Trousdale County’s proposed redrawn districts are shown here.

Redrawn boundaries for each of Trousdale County’s 10 districts will be up for approval by the County Commission during next week’s meeting.

The county’s Redistricting Committee has come up with a redrawn map, as required every 10 years once new census totals are released. Trousdale County’s population was 11,615 in the 2020 Census, although state law allows the county not to include the roughly 2,500 prisoners at the Hartsville prison when drawing local boundaries.

Administrator of Elections Steve Paxton spoke to commissioners at their Oct. 18 work session on what changes had been made in the local districts.

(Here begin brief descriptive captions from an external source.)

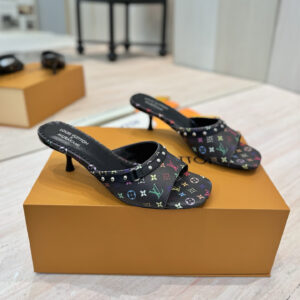 高仿LV*25春夏系列1AGWQH中踭拖鞋村上隆聯名款黑色免檢版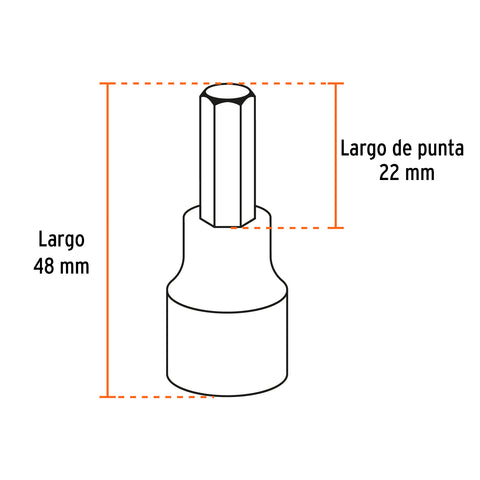 Juego de 7 dados cuadro 3/8' punta hexagonal mm, Truper | JPH-3/8X7M | 14170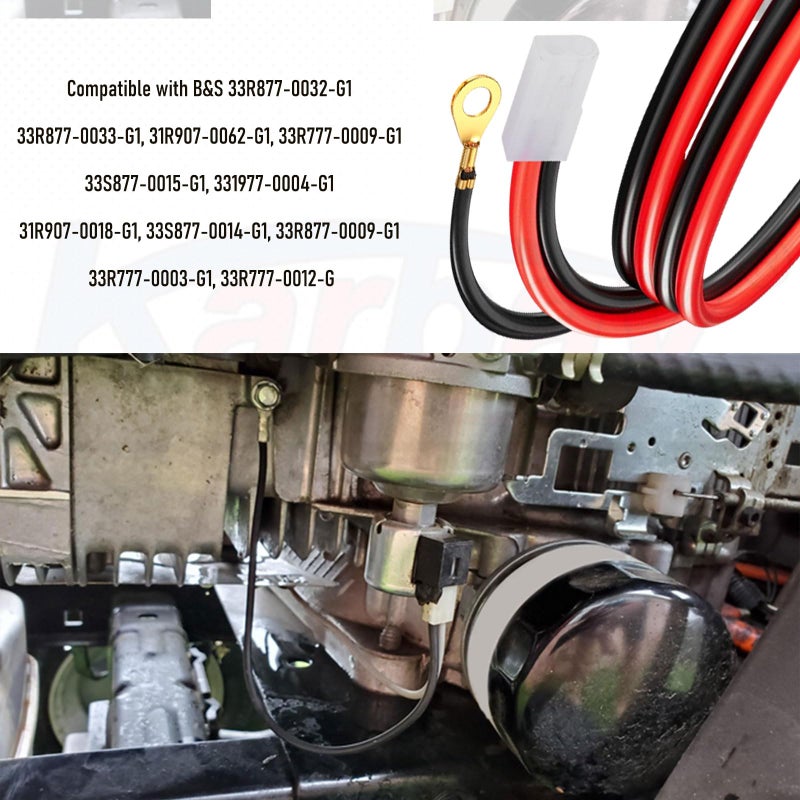 Karbay 846639 Fuel Shut-Off Solenoid for B&S Engine - Compatible with John D-eere Hu sqvarna Craftsman Mower, Included Wiring Harness, Replaces 694393 692734 497672 497157 495733 - Image 4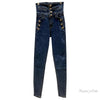 2022 Winter Women's Retro High Waist Elastic Slim Fit Socialite Elegant Pencil Jeans Lady Tight Denim Pants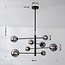 8-flammige Deckenlampe Oito - Schwarz und Rauchglas
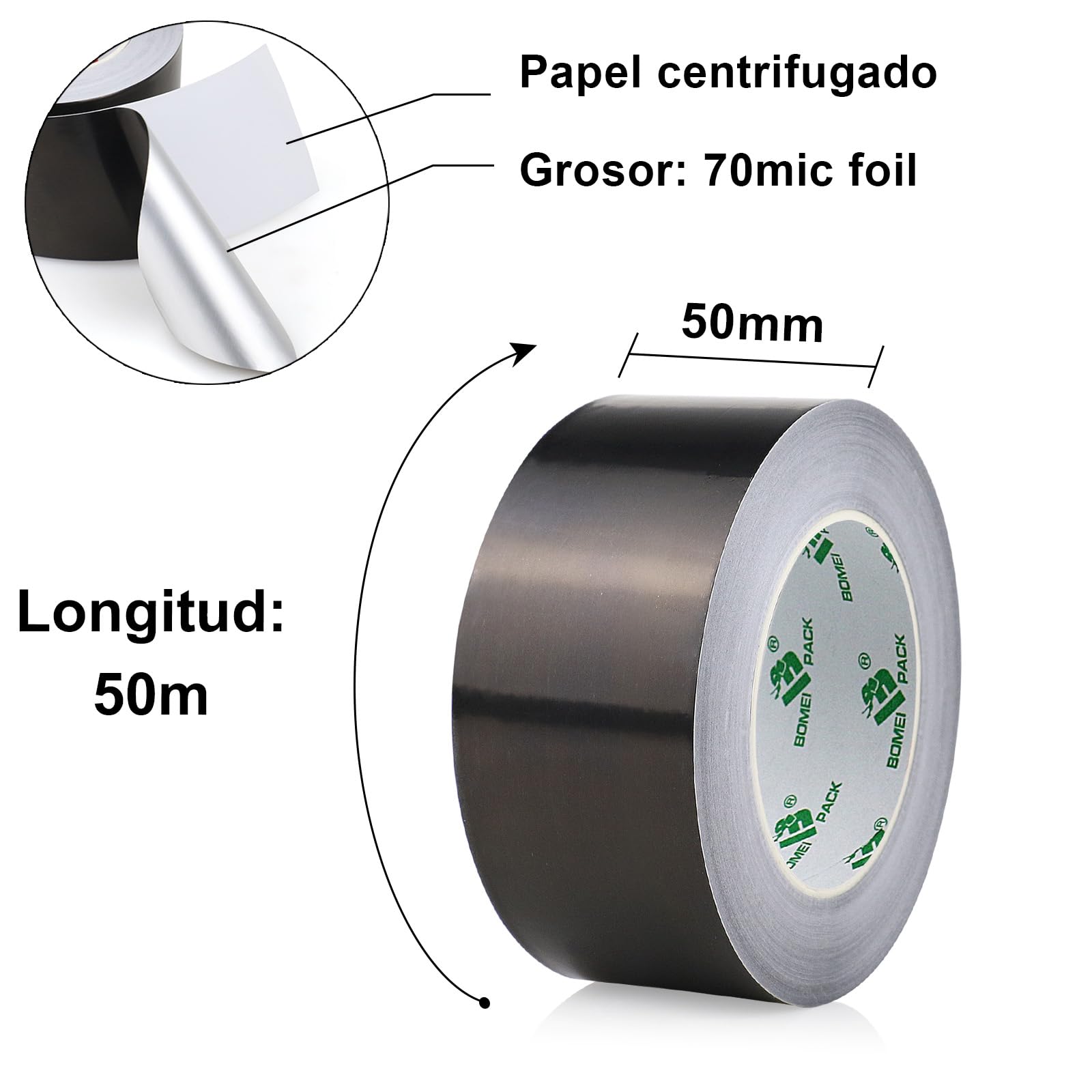BOMEI PACK 50mmx50m Negro Cinta adhesiva de aluminio aislante térmico - Rollo de aluminio adhesivo de alta temperatura de reparaci ón - Cinta de Aluminio para Sellar Sistemas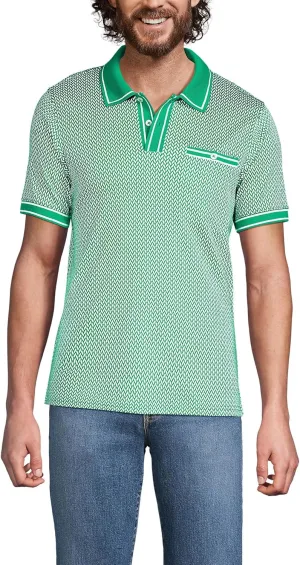 Lands' End Men's Short Sleeve Tipped Welt Pocket American-Grown Supima Cotton Polo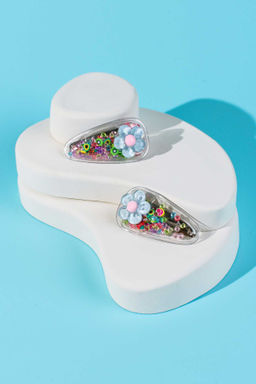 Набор заколок для волос клик-клак, арт. 71729 / 10 ЦВЕТОЧКИ (в наборе: 2шт., 5,5 см, черный металл, поливинилхлорид, полиуретановая смола, цвет: разноцветный, подложка из мелованного картона + ПЭТ-пакет с европодвесом)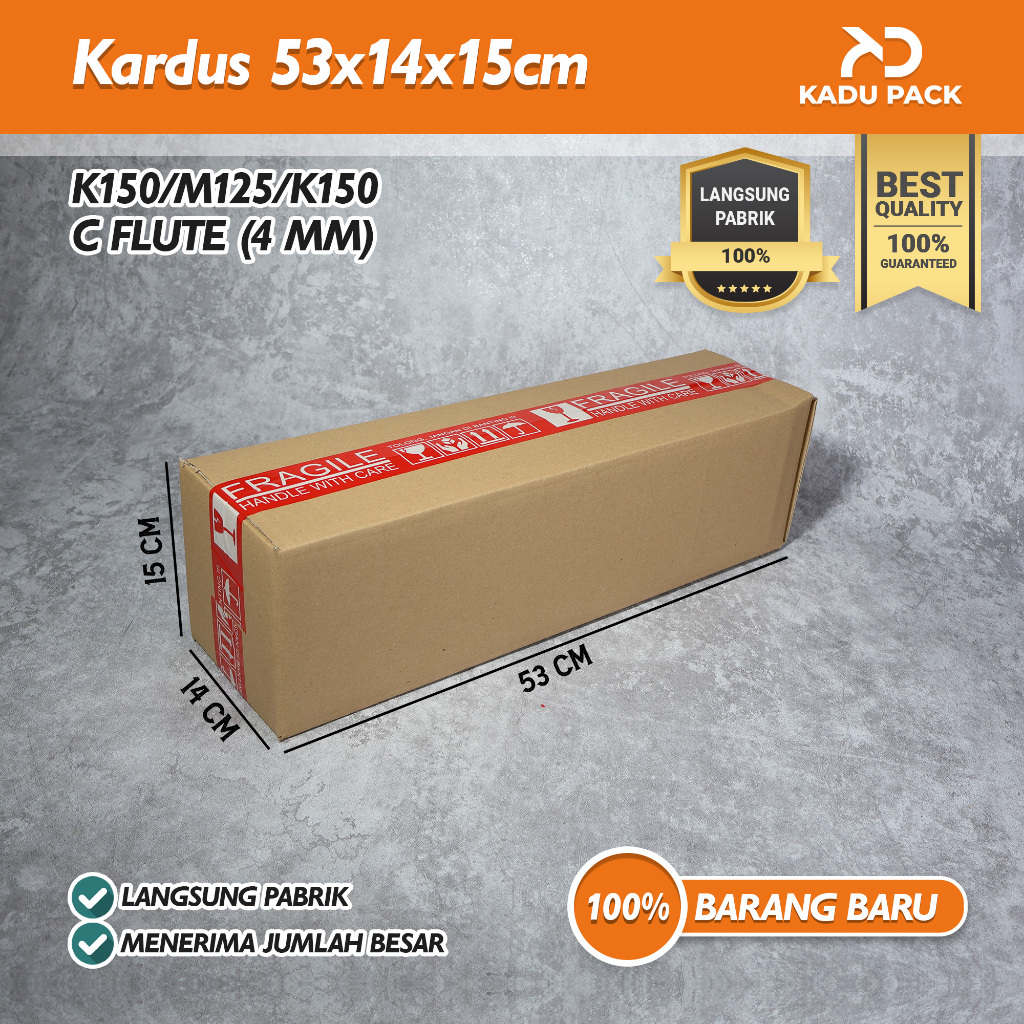 

(Harga 10 Pcs) Kardus Karton Box Packing Polos | 53x14x15 cm | Polos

“The requirement of redistricting is that we have no more than a 10% deviation from the perfect number, in this case 910.7 people (per district),” Paxton said. “These lines will be in place for the 2022 election.”

The redrawn districts range from 870 people in District 7 to 933 in District 2, with the largest deviation being 4.5% in District 7, which should see an increased population based on current housing trends.

Paxton said the Redistricting Committee also made an effort not to move current commissioners and School Board members out of their current districts and had succeeded in that task.

In all, only 234 people were moved from one district to another with Districts 4, 5 and 9 losing some population to Districts 3, 7 and 8. Some residents on Storytown Road, Sulphur College Road and Broadway will be affected by the changes.

Also next week, commissioners will vote on resolutions for 2021-22 committee assignments, opposition to a federal COVID-19 vaccine mandate and a proposed charter amendment relating to the Volunteer Fire Department.

The charter amendment would remove references to salaries in the Fire Department and clarify that the department is to be governed by county personnel policies.

Four ordinances will be up for votes. One would repeal part of the county code relating to the Water Department and address a conflict with Water Board policy, while the other three are re-zonings on first reading. They would change property on McMurry Blvd. near the Hickory Ridge subdivision from R-1 to C-2, on Highway 141N from A-1 to R-1 and on Highway 10 from A-1 to R-1. All would require public hearings and second votes in November.

Eight budget amendments are up for votes:

  • $5,000 in an Emergency Performance Grant;
  • $4,478 in additional compensation for a deputy in the Election Office;
  • $44,500 in CARES Act funding for the Senior Center;
  • $5,238 in insurance recovery;
  • $7,428 for the Chamber of Commerce to put brochures in various travel centers;
  • $19,308 for the schools’ afterschool program; and
  • $500 and $30,650 in grant funds for the
  • school district.

The elections deputy is necessary as Paxton has been unable to fill the position, which was created this year and funded at $9 per hour. The added funds would raise that to $13 per hour at 20 hours per week, without benefits.

County Mayor Stephen Chambers said he would be appointing Kendra Stafford to the Water Board. That appointment will require Commission approval.

The County Commission will meet Monday, Oct. 25 at 7 p.m. in the upstairs courtroom of the courthouse.